Transcribe the listing in full, word for word; pictures do not belong in the copy.

**Material provided**

'''

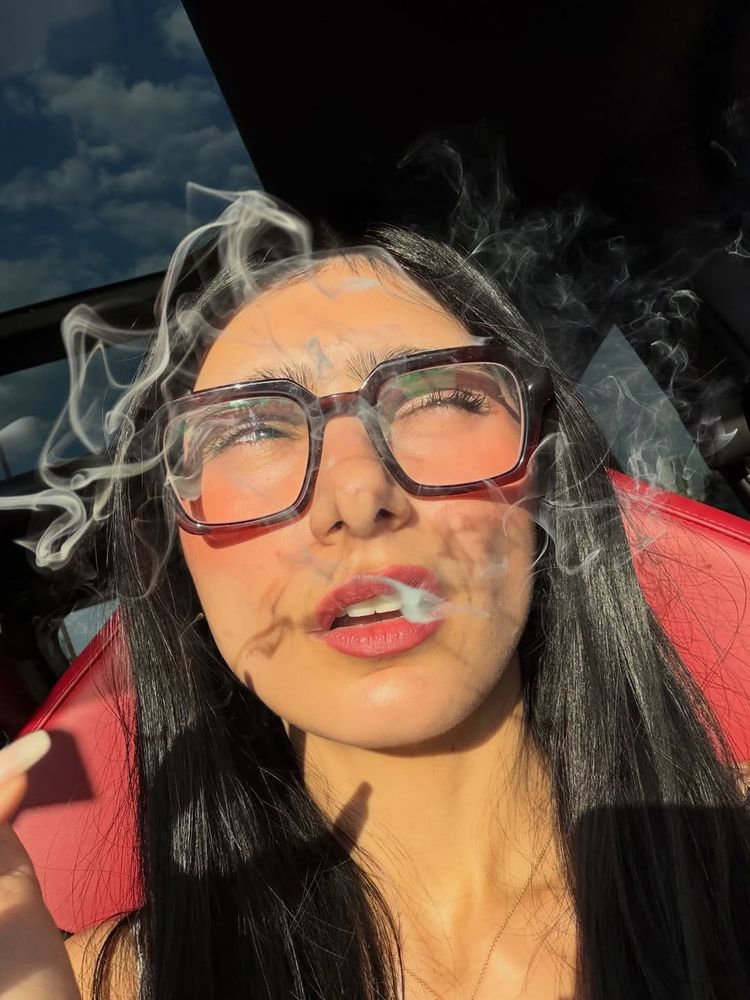 Mia Khalifa mostró su colección de anteojos y marcó tendencia con los looks virales de la temporada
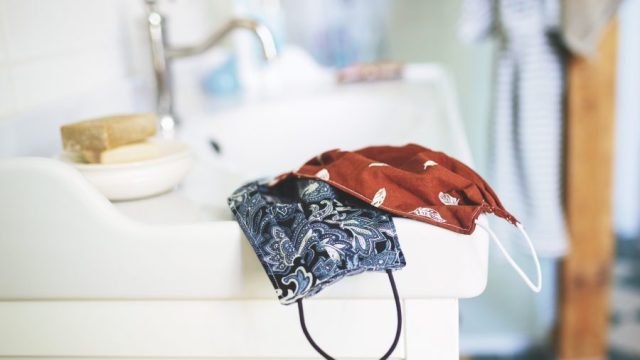 how to wash cloth face masks coronavirus
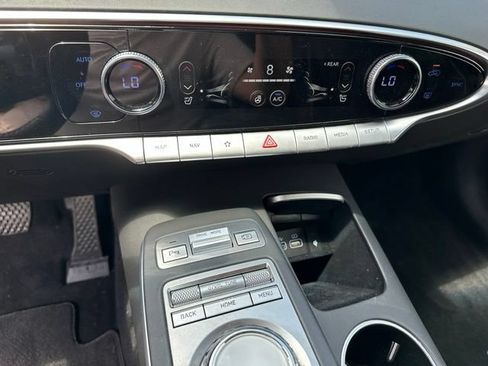 Used 2025 Genesis GV70 2.5T w/ Advanced Package AWD/4WD image 24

'''

**Result of this exercise**
 Mia Khalifa mostró su colección de anteojos y marcó tendencia con los looks virales de la temporada
 how to wash cloth face masks coronavirus
 Used 2025 Genesis GV70 2.5T w/ Advanced Package AWD/4WD image 24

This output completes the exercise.